Cambia invece lo scenario per il Partito democratico. Ieri in via Sant’Andrea delle Fratte hanno tirato un mezzo sospiro di sollievo. Il vertice del Pd è unito (restano piccole crepe, comunque meno rispetto a quelle del centrodestra) sulla linea ufficiale, cioè sostegno a Monti. Anche se nella ultima versione di Bersani è che non dovrà arrivare a fine legislatura. «Ci vuole una transizione, poi la ricostruzione andrà fatta dopo il passaggio elettorale che comunque in ogni caso non è lontanissimo».
Il fatto è che tra iscritti, simpatizzanti, blogger e seguaci di area nei network sociali non sono pochi gli scontenti. Ieri i militanti si sono sfogati nella pagina Facebook di Bersani. Alberto Massazza gli chiede «come la mettiamo se, come si dice, si dovesse sostenere un governo con Nitto Palma, Gelmini, Frattini e Letta? Che fine farebbero le riforme dal basso che si stanno promettendo congiuntamente con Idv e Sel? Chi sarebbe il traditore e l’irresponsabile di fronte all’elettorato di sinistra? Non è Monti l’uomo delle riforme di sinistra».
Maurizio Migliaccio sposa la tesi dei governi scelti dagli elettori. Non «questo Monti che viene calato dall’alto per commissariare l’Italia» che «mi par tutto, fuori che risultato di un processo democratico». Un altro militante si rivolge ad Anna Finocchiaro che ieri ha dato l’aut aut ai dipietristi («Se l’Idv dirà no al governo Monti ci saranno conseguenze sull’alleanza con il Pd»): «Alleatevi con l’Udc, poi ci sarà da ridere».

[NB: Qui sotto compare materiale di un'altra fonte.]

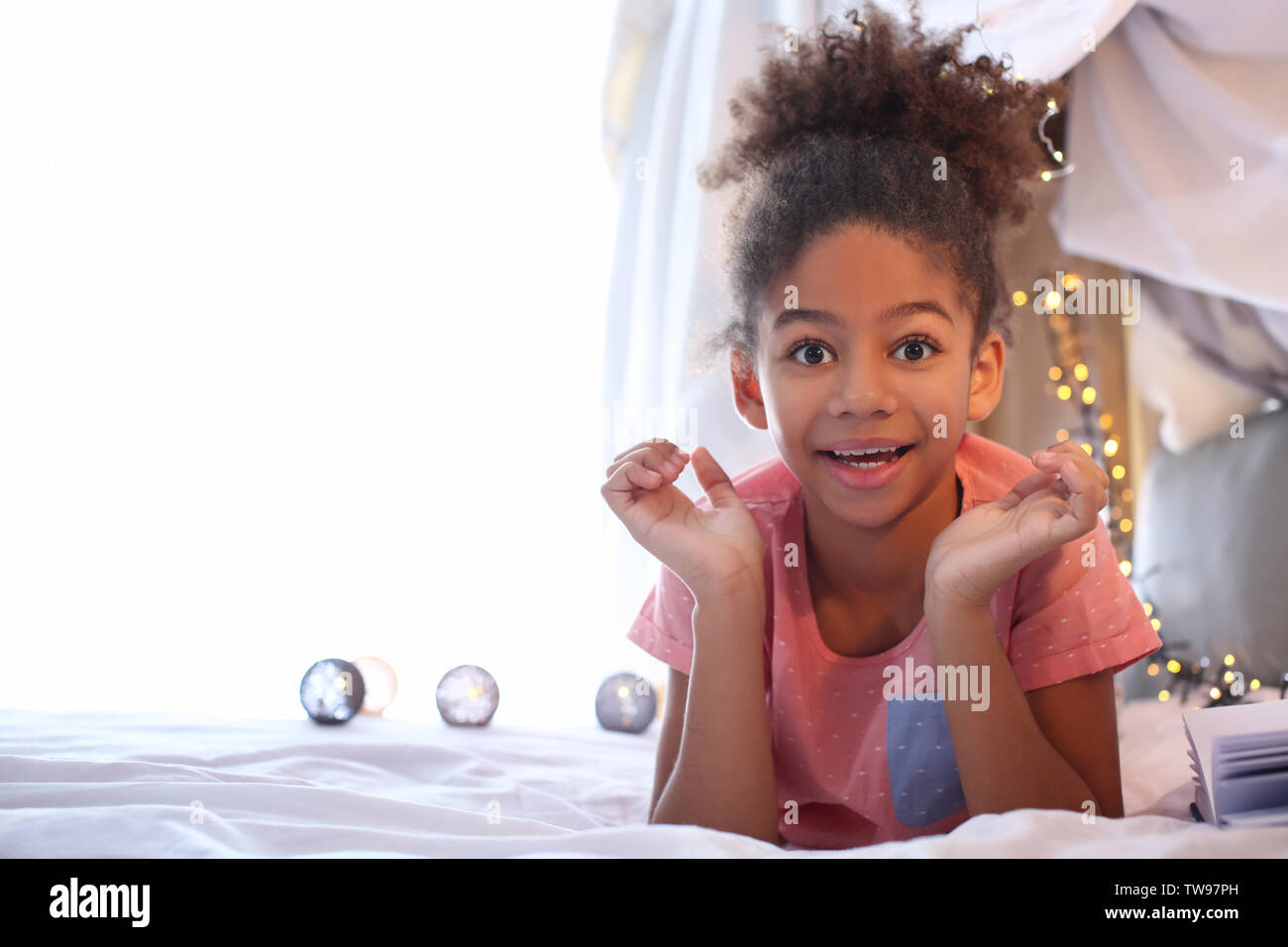 Cute African American girl lying on bed Stock Photo - Alamy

Una valanga di critiche di sinistra a Monti e alla scelta del Pd anche su Twitter, grazie a Servizio Pubblico di Santoro che ha lanciato un paio di sondaggi on line, finiti chiaramente a sfavore del candidato.

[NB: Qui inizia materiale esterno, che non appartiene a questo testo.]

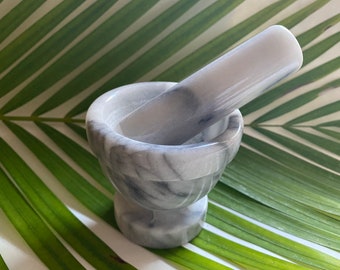 May include: A white marble mortar and pestle with gray veining. The mortar and pestle are sitting on a green and white striped surface.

La Rete non è tutto, ma sono piccoli segnali che danno corpo ai timori del Pd.

Il capitale di fedeltà accumulato in anni di politica iper polarizzata rischia di venire compromesso quando (e se) sarà diffusa la classica foto al Quirinale dopo il giuramento del governo, con ministri Pd e Pdl fianco a financo. E può dissolversi del tutto quando l’ex commissario europeo inizierà a fare il suo mestiere, cioè applicare la lettera della Bce e le indicazioni di Bruxelles su lavoro, previdenza, statali.